I brani che preferisco di questo album sono il preludio e l’epilogo. Si tratta di due brevi pieces per piano solo, dal sapore jazzato melodico, quasi totalmente avulse del resto del lavoro.
Non è il massimo iniziare così una recensione, lo so, ma si da il caso che questa sia stata la prima cosa che mi è venuta in mente dopo il primo ascolto di “Cantami o Musa”. Sfortunatamente, la mia opinione non è cambiata molto agli ascolti successivi. Peccato, perché l’autore sembra molto convinto del valore della sua arte, tanto da ammantarla di un velo di pretenziosità (spero non voluto) che si avverte soprattutto nei testi, carichi di retorica poetica e barocchismi nascosti dietro una finta semplicità fatta di temi spirituali e intimisti. Disgraziatamente, la musica non aiuta a migliorare le cose. Si tratta di un folk melodico lento e meditativo, basato, in ogni brano, su un’ossatura di chitarra acustica e voce per la quale l’autore sembra non fare alcuno sforzo di ricerca della varietà. Onestamente, faccio un po’ di fatica a individuare segni distintivi nei brani, anche se qualcosa (poco) si muove in “Nuvole”, interminabile nenia di un quarto d’ora nel quale compaiono una microcitazione classica (Chopin) e una batteria dal fastidioso suono elettronico che fa a pugni col contesto generale. Più ritmata e interessante “Supermercato”, l’unica traccia con un intento che sfiora il prog. Il resto si muove nello stesso ritmo lento generato dagli arpeggi di chitarra e dalla voce abbastanza monocorde dell’autore, con un andamento da cantilena ripetuto in ogni brano, e con l’ulteriore difetto di voler dilatare a tutti i costi il minutaggio delle tracce.

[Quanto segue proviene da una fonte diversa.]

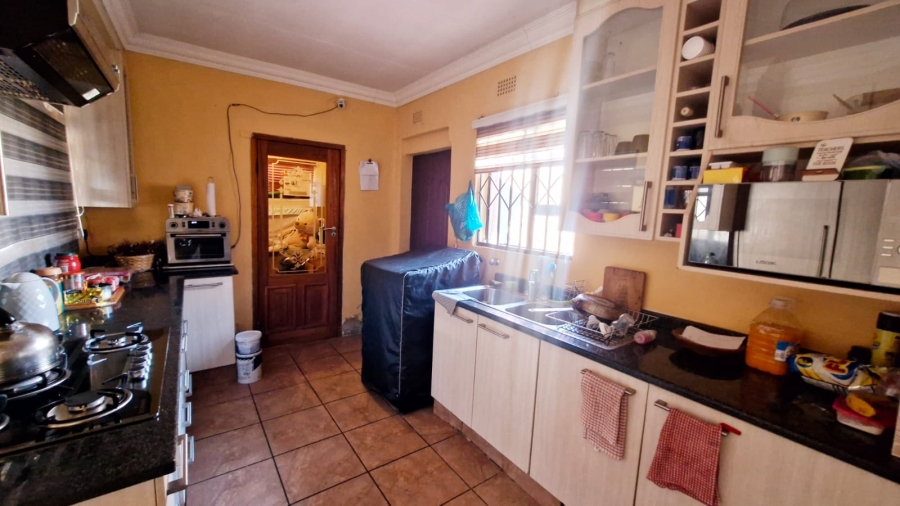 3 Bedroom Property for Sale in Brackendowns Gauteng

Sorvoliamo sulla copertina, anch’essa pretenziosa all’eccesso (Ok… c’è il volto dell’autore ritratto di profilo con una corona d’alloro in testa, su una specie di finta moneta greca o romana. Sul retro, in figura intera, lo stesso autore suona la cetra, vestito di una tunica e con un’espressione estatica sul viso.) C’è una cosa, però, che mi ha colpito molto: gli arrangiamenti sono veramente belli. Basati su archi e flauti, con qualche occasionale voce femminile a sovrapporsi a quella di Bavieri, sono studiati per cercare di contraddistinguere i brani con gusto e in maniera piacevole, risultando però fini a se stessi. Una menzione per l’autore, Massimiliano Giusti, che nell’album suona anche pianoforte e tastiere, è d’obbligo. Per il resto, ho l’impressione che “Cantami o Musa” sia un tentativo dell’autore di ritagliarsi uno spazio come menestrello di classe dedito a musica e argomenti “alti”. Il tentativo, credo sia abbastanza chiaro, per quanto mi riguarda, non è riuscito affatto.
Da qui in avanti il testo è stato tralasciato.